* **What this task involves**:
Nothing but the lines from the one containing "Villa Favorita Suites" through the end of the data should be retyped, exactly as they stand, and pictures should not be retyped.
:: Records for the task ::
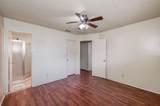 3068 Fairmont Ave - Photo 22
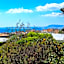 Villa Favorita Suites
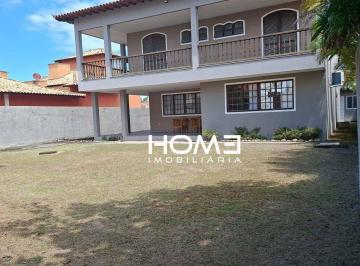 2ee7bbbc0271f78a5156675f605982f927552d93 · Casa com 4 dormitórios à venda, 447 m² por R$ 2.800.000,00 - Barra da Tijuca - Rio de Janeiro/RJ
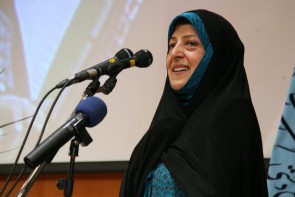 حمایت ژاپن نشانگر اهمیت جهانی دریاچه ارومیه است حمایت ژاپن نشانگر اهمیت جهانی دریاچه ارومیه است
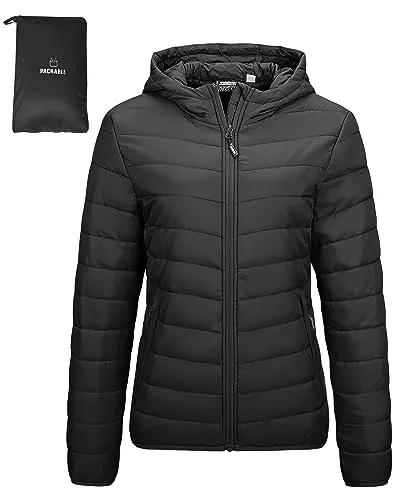 The Best Winter Jacket with Hoods for Warmth and Style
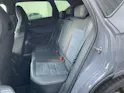 CUPRA Ateca 2.0TSI Limited Edition 4Drive DSG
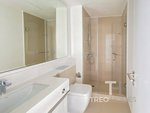 3 bedrooms Apartment in Dubai Hills Estate, UAE No. 28592 - Image 12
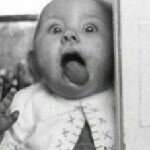 Profile Picture of Tyler Unger (@ungertyler) on Instagram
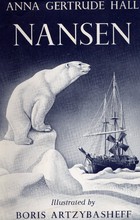 NansenCover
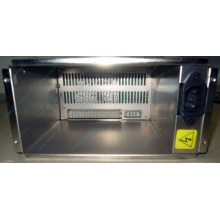 Корзина HP 968767-101 RAM-1331P Б/У для БП 231668-001 (Улан-Удэ)
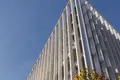 Bureau 127 m² à Demos Agiou Athanasiou, Chypre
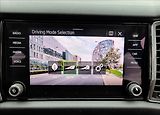 Škoda Kodiaq 1,5 TSI,DSG,7míst,navi,výhřev - náhled 27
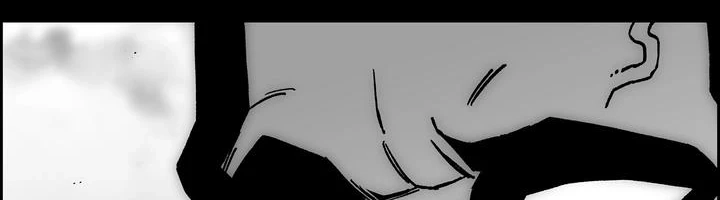Evil Hunter Chapter 81 page 6 - 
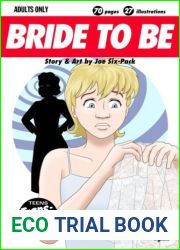 Bride to Be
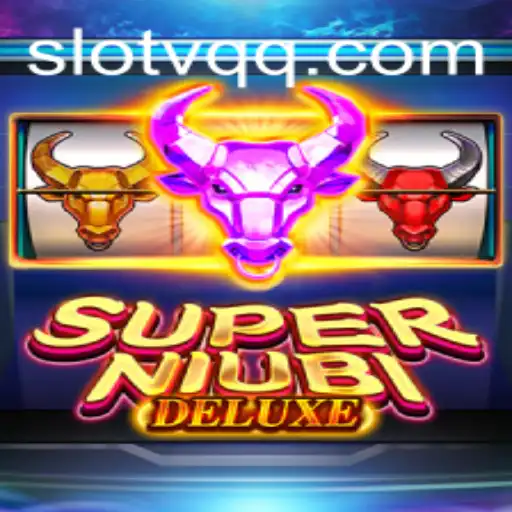 Exploring SuperNiubiDeluxe: A Journey into an Innovative Gaming Experience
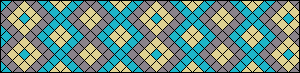 Normal pattern #115406 variation #224082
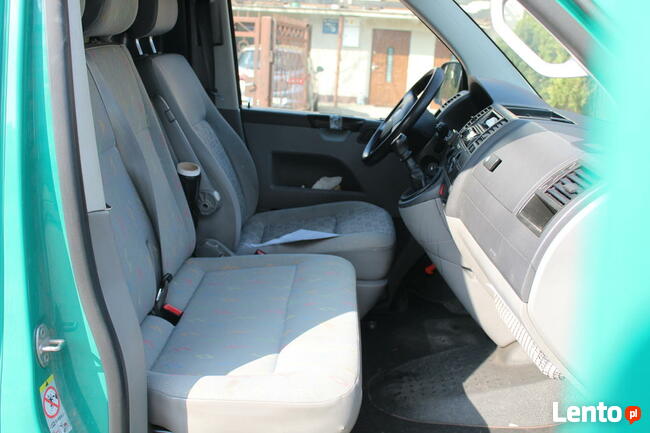 Tani transport motocykli, skuterów cała polska przeprowadzki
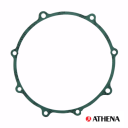 Carter Embrayage - Joint - GL1200 - Athena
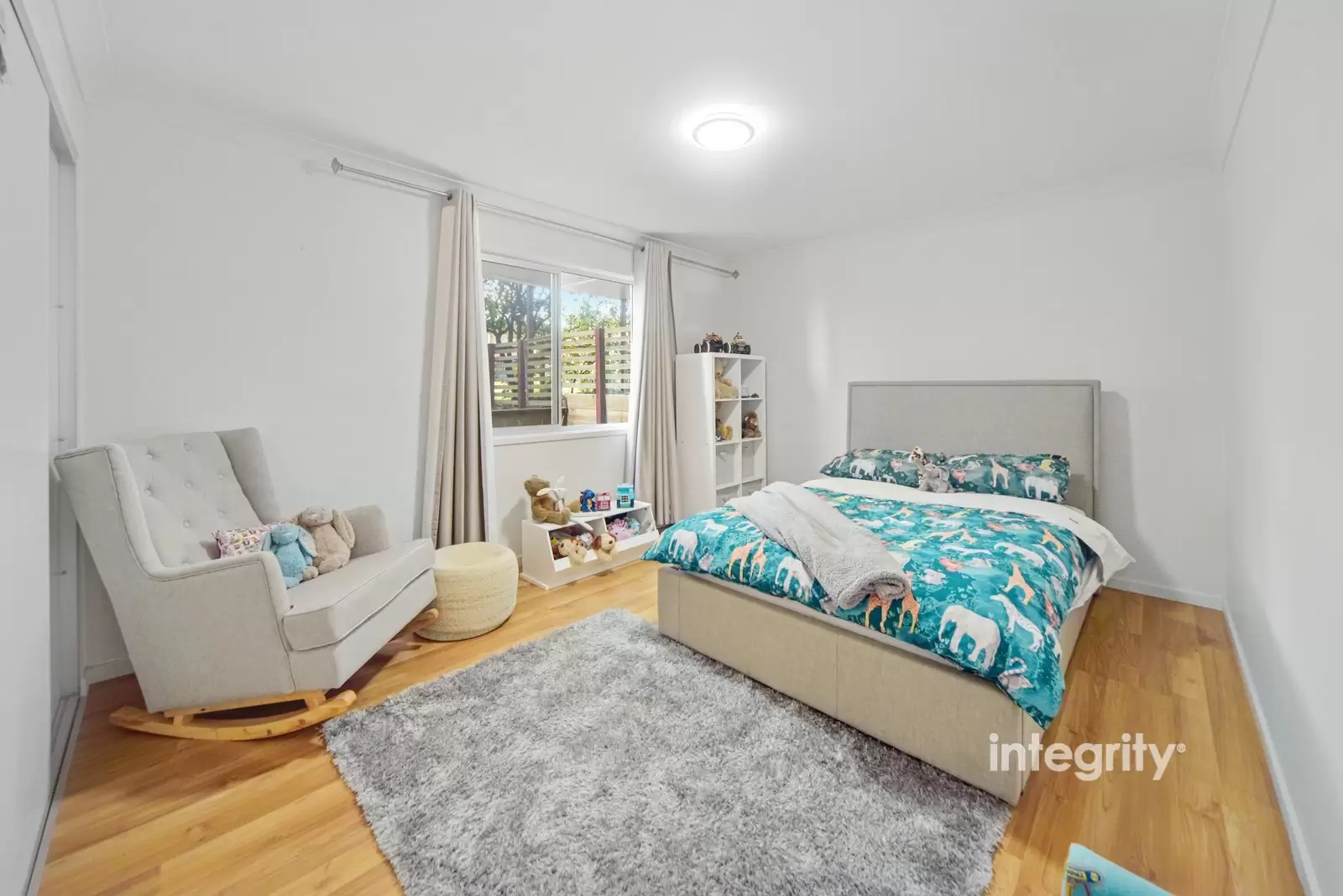 47a Kongoola Avenue, Cambewarra Village Sold by Integrity Real Estate - image 13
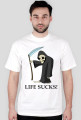 Life Sucks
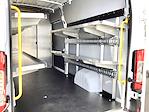 2023 Ram ProMaster 3500 Super High Roof FWD Utilimaster Upfitted Cargo Van for sale #592852B - photo 4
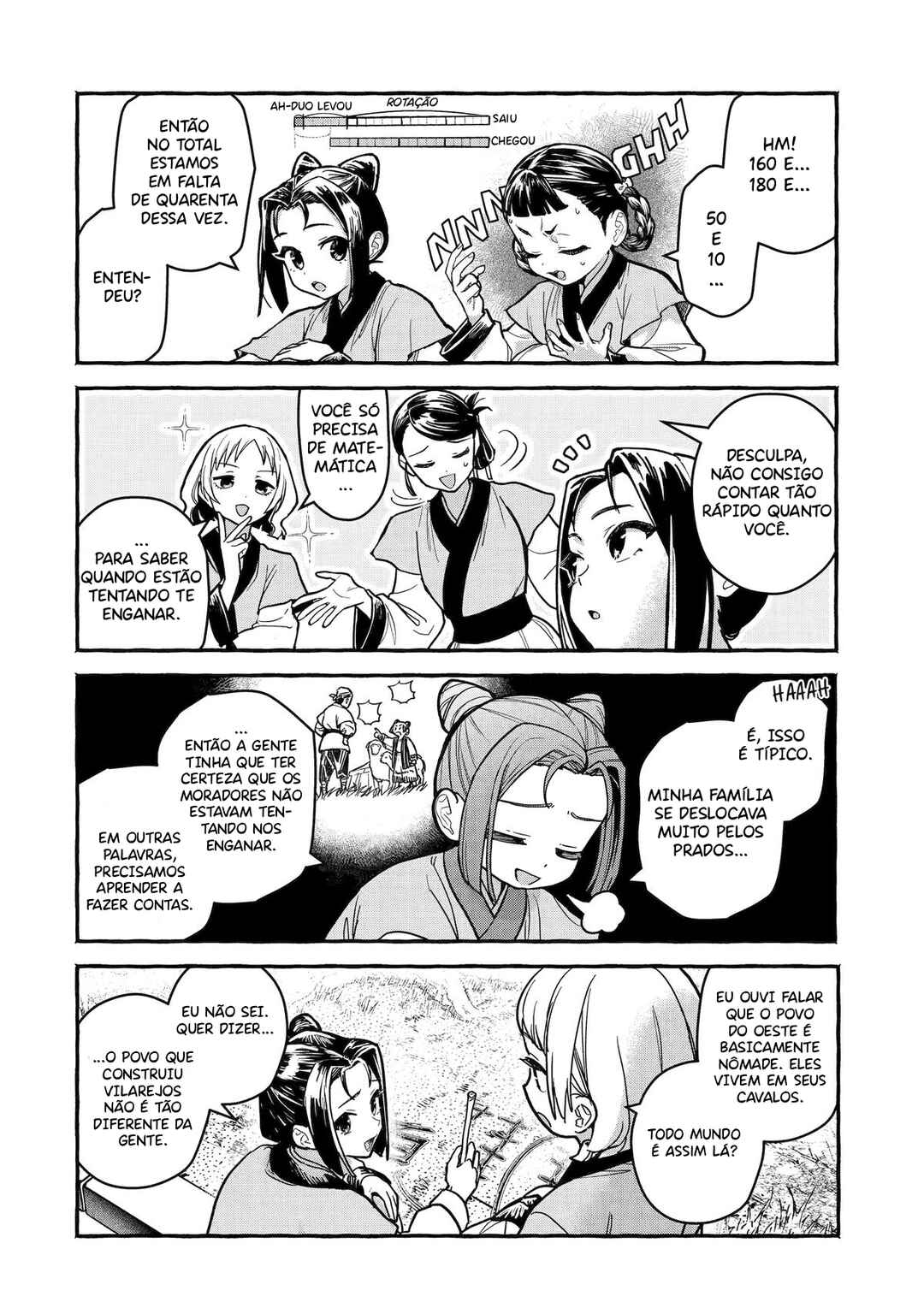 Chapter 8 - Page 5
:::
* **Answer to this exercise**:
 Villa Favorita Suites
 2ee7bbbc0271f78a5156675f605982f927552d93 · Casa com 4 dormitórios à venda, 447 m² por R$ 2.800.000,00 - Barra da Tijuca - Rio de Janeiro/RJ
 حمایت ژاپن نشانگر اهمیت جهانی دریاچه ارومیه است حمایت ژاپن نشانگر اهمیت جهانی دریاچه ارومیه است
 The Best Winter Jacket with Hoods for Warmth and Style
 CUPRA Ateca 2.0TSI Limited Edition 4Drive DSG
 3 bedrooms Apartment in Dubai Hills Estate, UAE No. 28592 - Image 12
 Profile Picture of Tyler Unger (@ungertyler) on Instagram
 NansenCover
 Корзина HP 968767-101 RAM-1331P Б/У для БП 231668-001 (Улан-Удэ)
 Bureau 127 m² à Demos Agiou Athanasiou, Chypre
 Škoda Kodiaq 1,5 TSI,DSG,7míst,navi,výhřev - náhled 27
Evil Hunter Chapter 81 page 6 - 
 Bride to Be
 Exploring SuperNiubiDeluxe: A Journey into an Innovative Gaming Experience
 Normal pattern #115406 variation #224082
 Tani transport motocykli, skuterów cała polska przeprowadzki
 Carter Embrayage - Joint - GL1200 - Athena
 47a Kongoola Avenue, Cambewarra Village Sold by Integrity Real Estate - image 13
 Life Sucks
 2023 Ram ProMaster 3500 Super High Roof FWD Utilimaster Upfitted Cargo Van for sale #592852B - photo 4
 Chapter 8 - Page 5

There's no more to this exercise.